ESMValGroup / ESMValCore

ESMValCore: A community tool for pre-processing data from Earth system models in CMIP and running analysis scripts.
https://www.esmvaltool.org
Apache License 2.0
42 stars 38 forks source link

preprocessor._regrid._vertical_interpolate memory issue #123

Closed ledm closed 5 years ago

ledm commented 5 years ago

Hi,

I've encountered a bug in the function _vertical_interpolate in preprocessor._regrid. I think that the problem is that this function uses numpy arrays instead of dask arrays.

def _vertical_interpolate(cube, levels, interpolation, extrapolation):
    """Perform vertical interpolation."""
    # Determine the source levels and axis for vertical interpolation.
    src_levels = cube.coord(axis='z', dim_coords=True)
    z_axis, = cube.coord_dims(src_levels)

    # Broadcast the 1d source cube vertical coordinate to fully
    # describe the spatial extent that will be interpolated.
    broadcast_shape = cube.shape[z_axis:]
    reshape = [1] * len(broadcast_shape)
    reshape[0] = cube.shape[z_axis]
    src_levels_reshaped = src_levels.points.reshape(reshape)
    src_levels_broadcast = np.broadcast_to(src_levels_reshaped,
                                           broadcast_shape)

    # force mask onto data as nan's
    if np.ma.is_masked(cube.data):
        cube.data[cube.data.mask] = np.nan

    # Now perform the actual vertical interpolation.
    new_data = stratify.interpolate(
        levels,
        src_levels_broadcast,
        cube.data,
        axis=z_axis,
        interpolation=interpolation,
        extrapolation=extrapolation)

    # Calculate the mask based on the any NaN values in the interpolated data.
    mask = np.isnan(new_data)

    if np.any(mask):
        # Ensure that the data is masked appropriately.
        new_data = np.ma.array(new_data, mask=mask, fill_value=_MDI)
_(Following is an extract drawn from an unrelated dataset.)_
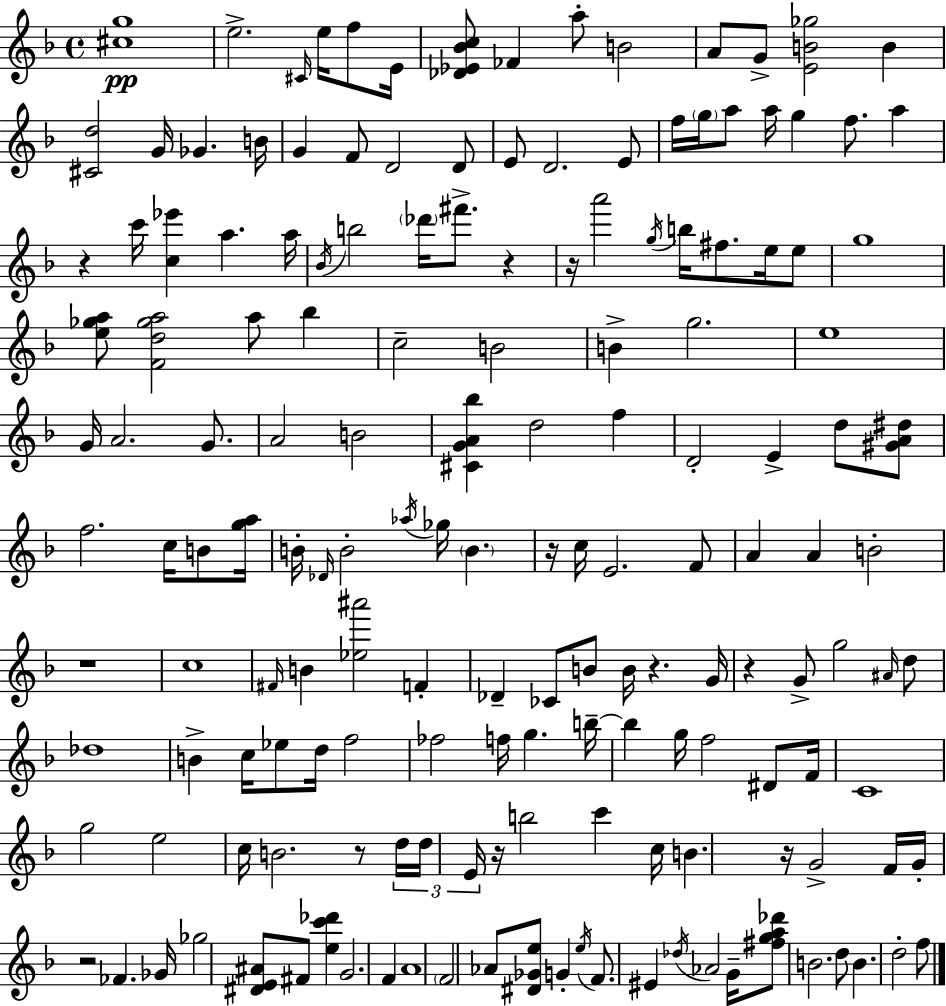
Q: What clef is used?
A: treble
    # Construct the resulting cube with the interpolated data.
    return _create_cube(cube, new_data, levels.astype(float))

The error that I'm seeing is:

MemoryError: Failed to realise the lazy data as there was not enough memory available.
The data shape would have been (156, 40, 404, 802) with dtype('float32').
valeriupredoi commented 5 years ago

this should not happen normally, the regdridder (vertical or horizontal) uses roughly as much memory as the size of the data per level x 2 so in this case about 1.6GB x 2 (since it interpolates between two levels), if you don't have ~4GB of free RAM then you end up with the error, where are you running?

ledm commented 5 years ago

Okay, I was running this on jasmin sci1.

bouweandela commented 5 years ago

Duplicate of #35